[Excerpted data Boundary: Start]
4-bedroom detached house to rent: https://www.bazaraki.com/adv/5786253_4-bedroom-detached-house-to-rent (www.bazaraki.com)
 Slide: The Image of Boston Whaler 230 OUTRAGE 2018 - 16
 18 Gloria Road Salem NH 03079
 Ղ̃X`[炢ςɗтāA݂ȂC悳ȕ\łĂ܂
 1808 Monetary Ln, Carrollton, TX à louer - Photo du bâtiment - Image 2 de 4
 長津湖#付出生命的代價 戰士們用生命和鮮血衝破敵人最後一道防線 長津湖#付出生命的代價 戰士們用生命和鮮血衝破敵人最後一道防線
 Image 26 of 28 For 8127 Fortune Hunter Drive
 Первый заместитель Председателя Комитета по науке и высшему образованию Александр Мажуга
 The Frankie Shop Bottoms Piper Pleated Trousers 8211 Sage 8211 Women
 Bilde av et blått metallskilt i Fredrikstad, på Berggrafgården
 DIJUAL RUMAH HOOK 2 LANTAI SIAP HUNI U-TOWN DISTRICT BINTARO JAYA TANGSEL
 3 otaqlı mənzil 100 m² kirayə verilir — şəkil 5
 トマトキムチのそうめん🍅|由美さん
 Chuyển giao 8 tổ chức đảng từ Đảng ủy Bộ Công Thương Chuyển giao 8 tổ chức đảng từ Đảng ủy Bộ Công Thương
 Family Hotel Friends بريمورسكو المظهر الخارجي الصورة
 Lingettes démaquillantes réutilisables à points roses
[Excerpted data Boundary: End]
**Description of the task**: Restate the entries above word for word, beginning with their first line and ending with the line holding "Image 26 of 28 For 8127 Fortune Hunter Drive"; omit everything else.

**Solution to the exercise**:
4-bedroom detached house to rent: https://www.bazaraki.com/adv/5786253_4-bedroom-detached-house-to-rent (www.bazaraki.com)
 Slide: The Image of Boston Whaler 230 OUTRAGE 2018 - 16
 18 Gloria Road Salem NH 03079
 Ղ̃X`[炢ςɗтāA݂ȂC悳ȕ\łĂ܂
 1808 Monetary Ln, Carrollton, TX à louer - Photo du bâtiment - Image 2 de 4
 長津湖#付出生命的代價 戰士們用生命和鮮血衝破敵人最後一道防線 長津湖#付出生命的代價 戰士們用生命和鮮血衝破敵人最後一道防線
 Image 26 of 28 For 8127 Fortune Hunter Drive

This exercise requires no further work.